İkinci kuzey cephesinin ordusu üç zırhlı tümenden oluşuyordu, bu da beş tümenden oluşan batı cephesine kıyasla daha az asker ve Feldreß'e sahip olduğu anlamına geliyordu.
Arazinin savunulması zor olan ovalardaki ana savaş alanının aksine, ikinci kuzey cephesi, onu kuzeyden güneye bölen büyük Hiyano Nehri tarafından korunuyordu. Nehir kara saldırısının önünde duruyordu ve antik çağlardan beri nehir geçişleri, takviye ordularını ikiye bölmeye zorlayan doğal kıyı görevi görüyordu.
Uydu bombardımanı ikinci kuzey cephesinin ordusunu geri çekilmeye zorlamıştı ve sonuç olarak bu doğal kıyı üzerindeki hakimiyetlerini kaybetmişlerdi. Açık araziye geri itilen bu ordunun nehir kenarlarını savunmak için inşa edilmiş kuvvetleri, Lejyon'un zırhlı kuvvetlerine karşı uzun süre dayanamayacaktı. Ancak Federasyon ordusunun genel olarak insan gücü eksikliği nedeniyle saflarının güçlendirilmesini umut edemiyorlardı. İnsan gücünden tasarruf etmek için dağlar ve nehirler gibi doğal engelleri kullanan doğu ve güney cephelerinin de geri çekilmesi gerekiyordu ve diğer üç kuzey cephesi gibi bu cephelerin de daha fazla askere şiddetle ihtiyacı vardı.

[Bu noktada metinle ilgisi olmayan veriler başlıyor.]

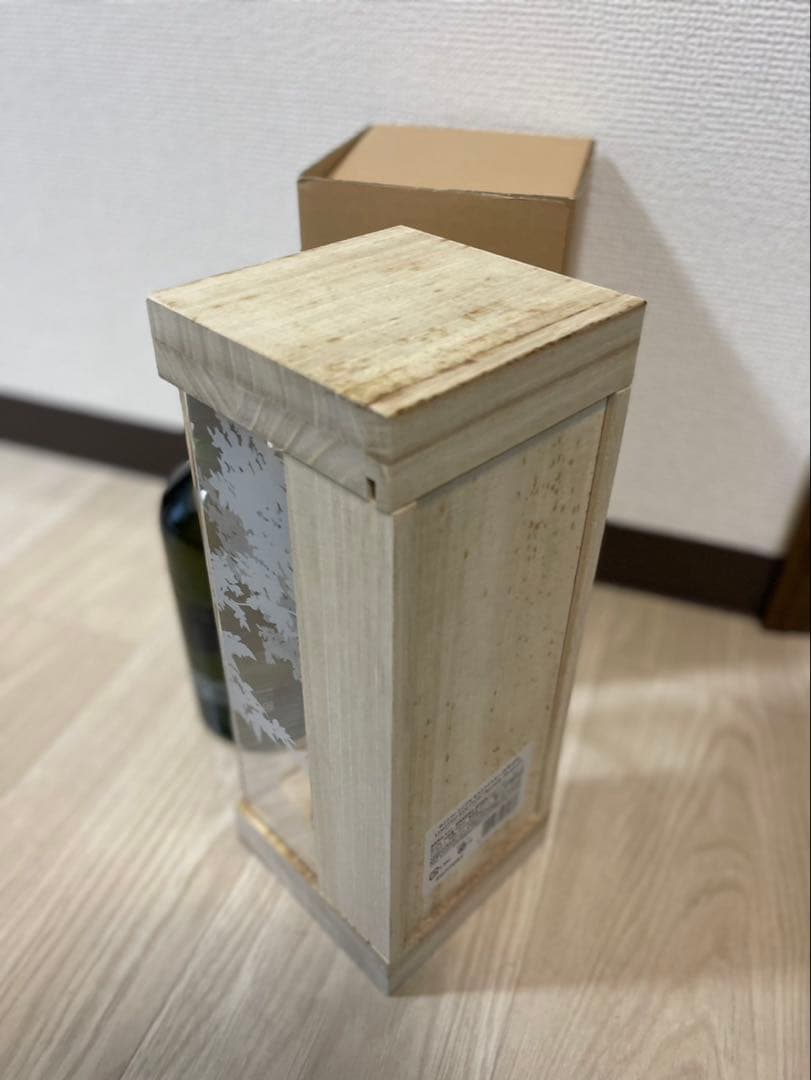 白州18年 リミテッドエディション 空港免税店限定 サントリー ウイスキー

Ve bu çıkmazın üstesinden gelmek için…
Genelkurmay Başkanı konuştu. Bu, her cephenin yüksek komutanları, genelkurmay başkanları ve ayrıca her zırhlı tümenin komutanları ve kurmay subayları arasındaki bir toplantıydı, ancak birçoğu katılamayacak kadar meşguldü. Bu nedenle, genelkurmay başkanları, cephe komutanları, zırhlı tümen komutanları ve operasyonel kurmay subaylar dışında herkes, boş koltuklarının üzerinde boş pencereler asılı olarak uzaktan katıldı.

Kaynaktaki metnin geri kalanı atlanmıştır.